Matthias Claudius (1740 - 1815), deutscher Dichter, Redakteur, Erzähler und Herausgeber des Wandsbecker Boten, Pseudonym Asmus

Quelle: Claudius, Asmus omnia sua secum portans, oder Sämtliche Werke des Wandsbecker Bothen, 1774-1812

Sklaverei ist ein elendes Handwerk.

Friedrich von Schiller (1759 - 1805), Johann Christoph Friedrich Schiller, ab 1802 von Schiller, deutscher Arzt, Dichter, Philosoph und Historiker; gilt als einer der bedeutendsten deutschsprachigen Dramatiker und Lyriker

Quelle: Schiller, Die Verschwörung des Fiesco zu Genua, 1782. 1. Akt, 9. Auftritt, Fiesco

Es preise sich, wer keinem
Mit seinem Leibe pflichtig ist auf Erden,
Doch Redlichkeit gedeiht in jedem Stande.
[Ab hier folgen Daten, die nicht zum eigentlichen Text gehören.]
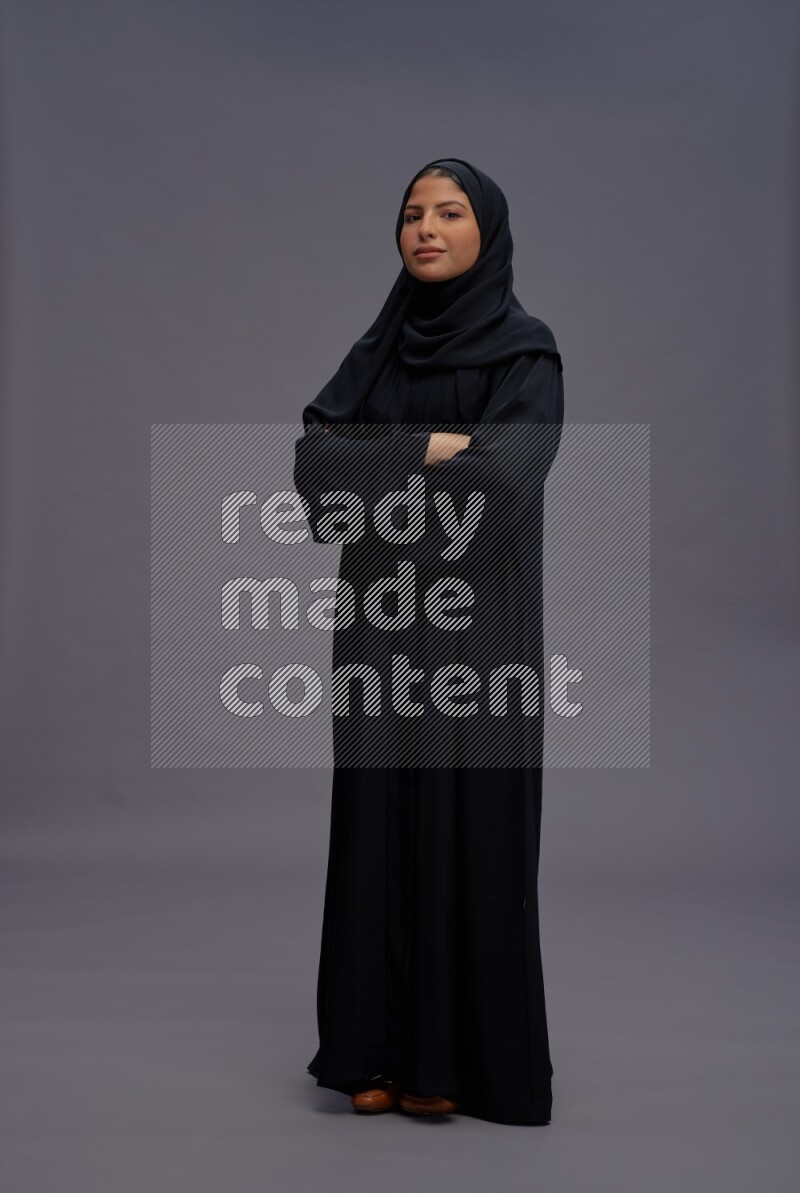 Saudi woman wearing Abaya standing with crossed arms on gray background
Friedrich von Schiller (1759 - 1805), Johann Christoph Friedrich Schiller, ab 1802 von Schiller, deutscher Arzt, Dichter, Philosoph und Historiker; gilt als einer der bedeutendsten deutschsprachigen Dramatiker und Lyriker

Quelle: Schiller, Wilhelm Tell, 1802-1804. 2. Akt, 2. Szene, Stauffacher

Nur gezwungen trägt der Mensch das Sklavenjoch.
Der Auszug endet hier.